Numerical Solution to system of balance law with ode system My question is realted to this one, but different. 
Governing equations
I need to simulate the following system, i.e. vector balance law + ode,
$$
\begin{array}{l}
\dfrac{\partial\mathbf{u}}{\partial t} + \dfrac{\partial\mathbf{F}(\mathbf{u})}{\partial x} = \mathbf{G}(\mathbf{u},a,b), \\
\dfrac{da}{dx} = q_1(\mathbf{u},a,b), \\
\dfrac{db}{dx} = q_2(\mathbf{u},a,b). \\
\end{array}
$$
With open boundary conditions (BC) and under some initial conditions (IC).
Questions
Q1.
Suppose, I would like to apply method of lines (MOL) and Runge-Kutta (RK) method. Should I derive differential-algebraic system (DAE), shouldn't I?
Q1.1 Is it possible to discretize initial system on a staggeded (leapfrog) grid by using MOL and RK tecnhiques?
Q2. How to simulate initial system in general?
 A: By open boundary conditions, you maybe mean outflow boundary conditions, which are easy to implement (see e.g. the book by R.J. LeVeque, 2002).
A1. Yes.
A2. Yes, but there may be numerical issues such as a very restrictive stability condition, or numerical stiffness.

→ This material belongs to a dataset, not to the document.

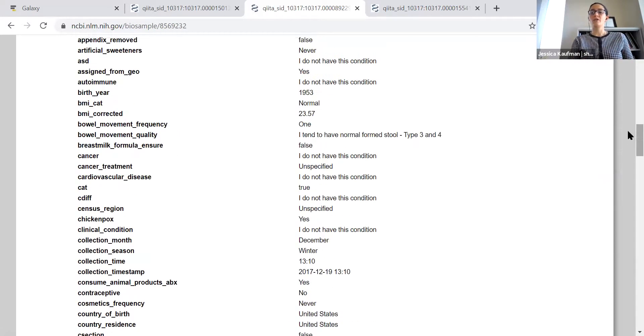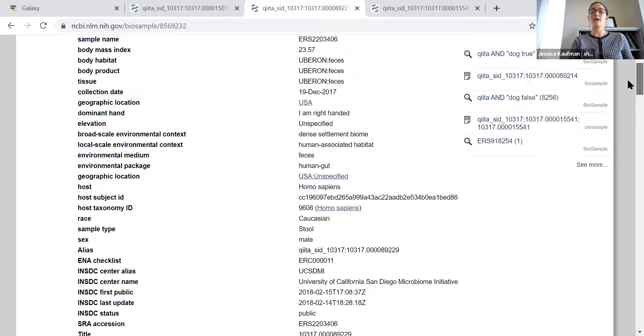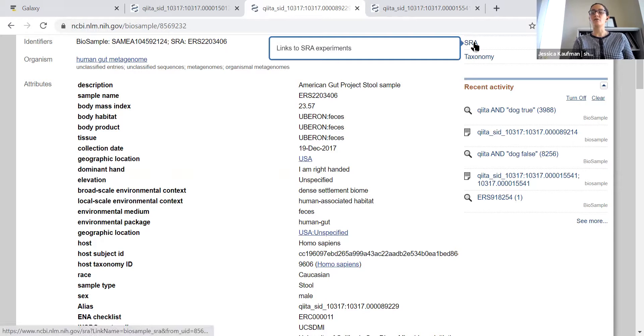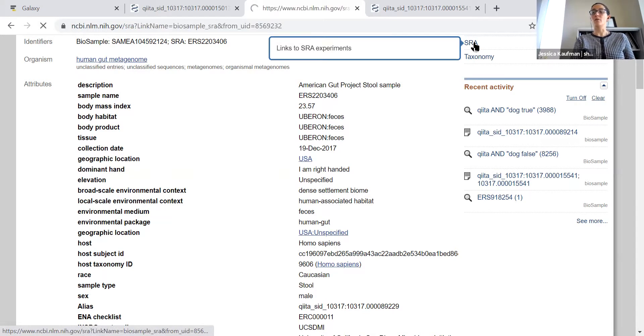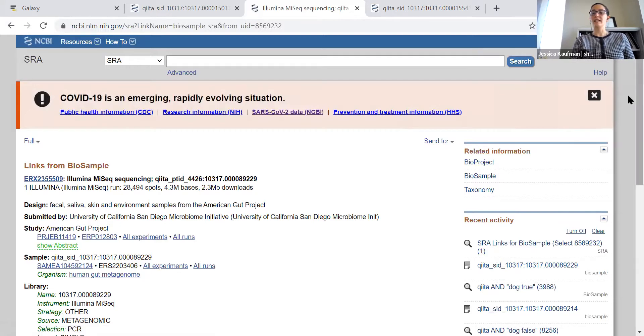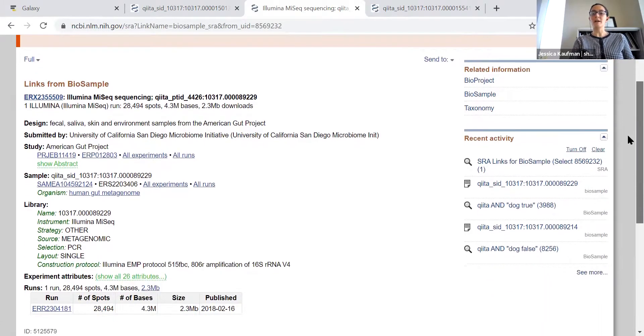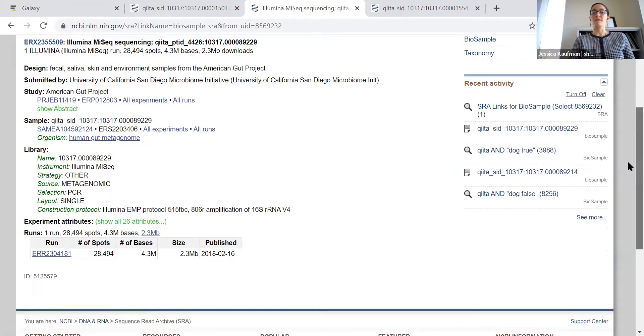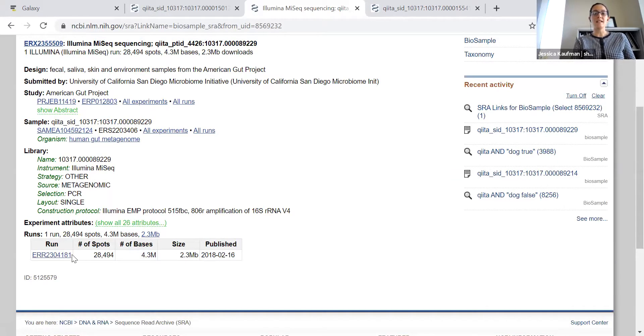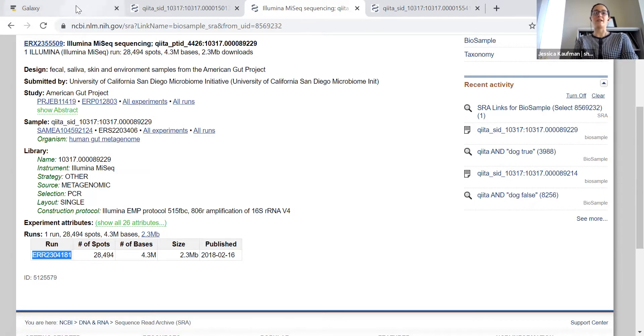Once you find those two people, we're going to go from this survey question to the short read archive to get the code for the FASTQ file. You can see here, this is a description of the experiment. The sequencing was done on an Illumina iSeq. And this number is the link to import the FASTQ file.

A3. You can actually follow the steps in the linked post by introducing a small parameter $\epsilon$ such that
$$
\begin{array}{l}
\dfrac{\partial\mathbf{u}}{\partial t} + \dfrac{\partial\mathbf{F}(\mathbf{u})}{\partial x} = \mathbf{G}(\mathbf{u},a,b), \\
\epsilon\dfrac{\partial a}{\partial t}+\dfrac{\partial a}{\partial x} = q_1(\mathbf{u},a,b), \\
\epsilon\dfrac{\partial b}{\partial t}+\dfrac{\partial b}{\partial x} = q_2(\mathbf{u},a,b). \\
\end{array}
$$
which is a system of balance laws of the form ${\bf q}_t + {\bf \Phi}({\bf q})_x = {\bf R}({\bf q})$. Then, one can split the left-hand side (propagation part) from the right-hand side (relaxation part). For example, one can choose to link the small parameter to the time-step as $\epsilon = \alpha (\Delta t)^\beta$.